The two outputs of the BS are separated into horizontal and vertical polarisations by a Wollaston prism and are focussed onto silicon diodes (Hamamatsu S5973-02) to allow balanced detection of the horizontal and vertical polarisation components separately. The reference beam's power was chosen to be around 0.5 mW per diode to ensure shot-noise-limited detection. The differential diode current corresponding to each polarisation is amplified with a transimpedance of 100 kΩ and analysed by a dual-channel lock-in amplifier (Zurich Instruments HF2) locked to the difference of 2 MHz between the AOM upshift and the pulse repetition rate. The lock-in amplifier extracts the interference between the probe and reference beams in amplitude and phase.

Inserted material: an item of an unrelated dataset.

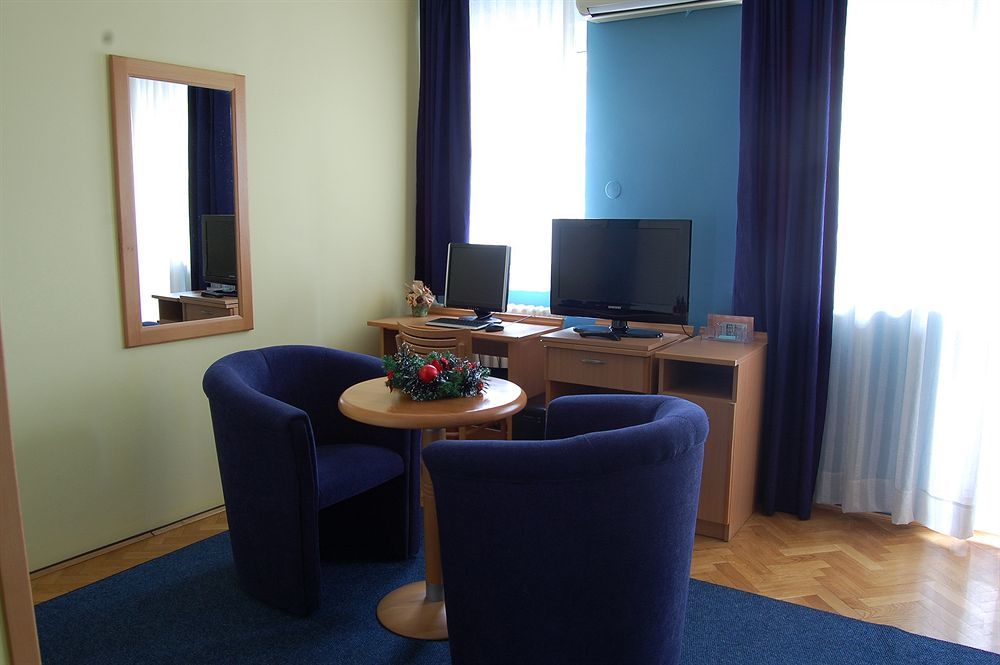 Voyager Bed & Breakfast Novi Sad Ngoại thất bức ảnh
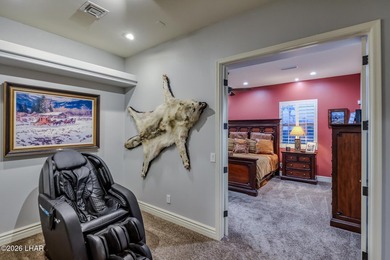 STUNNING custom home in Residential Estates with spectacular - photo 20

The dual-polarisation detection is used to adjust the polarisation at the sample to be circular on axis as follows: A circular polarisation changes helicity upon reflection on an in-plane-isotropic surface, resulting in a cross-circularly-polarised reflected beam emerging from the sample, which after returning through the wave plates is cross-polarised to the horizontal input polarisation. Therefore, minimising the detected signal in the horizontal polarisation using the wave plates ensures a circular polarisation at the sample. Typically, a horizontal field amplitude below 1% of the vertical field amplitude can be stably achieved.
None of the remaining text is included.